Middle East oil countries seize the opportunity to “sell assets” while oil prices are rising

Previously, Middle Eastern oil countries have not wanted to sell their “jewel in the crown” – energy assets to raise money from foreign investors. Today, however, the situation has changed. In just a few weeks, Saudi Arabia, the UAE, Qatar, Oman and Kuwait have sold energy assets or issued bonds to boost multi-billion dollar programs.

Oil prices collapsed last year when the new crown epidemic broke out. Now the shift suggests that various Middle East oil-producing countries are seizing the opportunity of recovering energy prices to boost weak economies. Governments around the world are turning to greener energy sources because they need new money to invest in new industries and diversify their economies. These energy deals are thus more urgent.

Justin Alexander, principal analyst at MENA Advisors, a British consulting firm, said.

“It makes sense for these countries to sell equity at a good valuation, partly because of finances and partly because of the growing recognition of the speed of the energy transition and the need to realize the value of these assets.”

Last year, the budget deficits of Middle Eastern oil exporters soared to 10.8 percent of GDP from a paltry 3 percent in 2019, according to the International Monetary Fund. Saudi Arabia, the UAE and Qatar saw the largest contraction in GDP in nearly 30 years.

Saudi Aramco is known to be the world’s largest crude producer, and as Golden 10 reported earlier, Saudi Crown Prince Mohammed bin Salman said Tuesday that Saudi Aramco is in talks with an unnamed “global energy company” to sell about $20 billion in shares.

Another move is to restructure state-owned oil companies. Abu Dhabi National Oil Company is also the UAE’s top oil company. It and Saudi Aramco have been the most active state-owned companies in the region, and both were privatized before the outbreak: Saudi Aramco went public on the Riyadh stock market in 2019, and Abu Dhabi National Oil Company sold part of its fuel distribution business through an IPO at the end of 2017.

Since then, the two companies have become increasingly attractive to foreign investors as their foreign deals have become more numerous and their models more sophisticated. On April 10 this year, Saudi Aramco said that an American group intended to invest $12.4 billion in its oil pipeline business; in addition to this, it intends to sell a stake in its gas network. Abu Dhabi National Oil Company, on the other hand, is planning an IPO of its drilling and fertilizer business.

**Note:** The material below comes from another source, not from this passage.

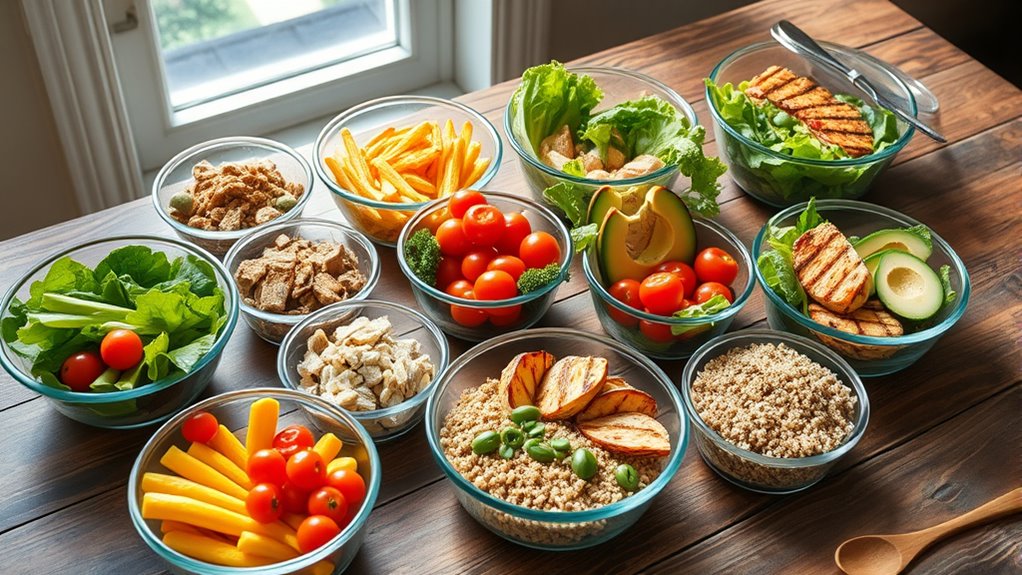 portion control and timing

Saudi Arabia’s Crown Prince Mohammed sees Saudi Aramco as a key component of his vision for 2030. “Vision 2030 is an ambitious project that aims to boost everything from tourism to solar parks and pharmaceutical investments. The UAE’s Sheikh Mohammed bin Zayed has similar plans for Abu Dhabi National Oil Company, which he increased his stake in in March and restructured to squeeze more money out of.

Ben Cahill, a senior fellow at the Center for Strategic and International Studies in Washington, said.

“Gulf state oil companies have realized that raising money by selling off a portion while holding control is a good strategy.”

Elsewhere in the Gulf, Qatar Petroleum and Omani state-owned companies, such as OQ SAOC, are planning to enter the dollar bond market. Qatar Petroleum is seeking up to $10 billion in funding to boost its LNG export capacity.

Qatar has one of the highest per capita incomes in the world, and its government had funded $29 billion to support the project, but it is now trying to reduce a debt burden that has increased in the last year. Using the leverage of state-owned enterprises, the government can handle its balance sheet.

Similarly, Oman’s OQ began offering at least $500 million in 7-year Eurobonds on Wednesday, and another state-owned company, Oman Energy Development, may follow OQ’s lead and raise $3 billion in debt later this year.

Kuwait’s state-owned oil company, meanwhile, is planning to issue its first international bond in a bid to borrow $20 billion over the next five years to cover an expected revenue shortfall.

Asset and bond sales are likely to make up the largest share of future deals, said Hasnaan Malik, head of equity research at Tellimer, a London-based emerging markets analyst firm. Malik, who has studied Middle East markets for more than 20 years, said.

“Securitizing future cash flows, issuing bonds and private equity sales seem to be a much easier way to raise capital from international investors than selling equity through IPOs.

They have realized that there are far more fixed income and private equity investors than regional equity investors.”

For now, foreign investors seem happy to invest in Middle East oil and gas, where they rarely have so many investment options. Cahill said.

“There will definitely be more in the future. State-owned oil companies are watching each other and figuring out some new paths.”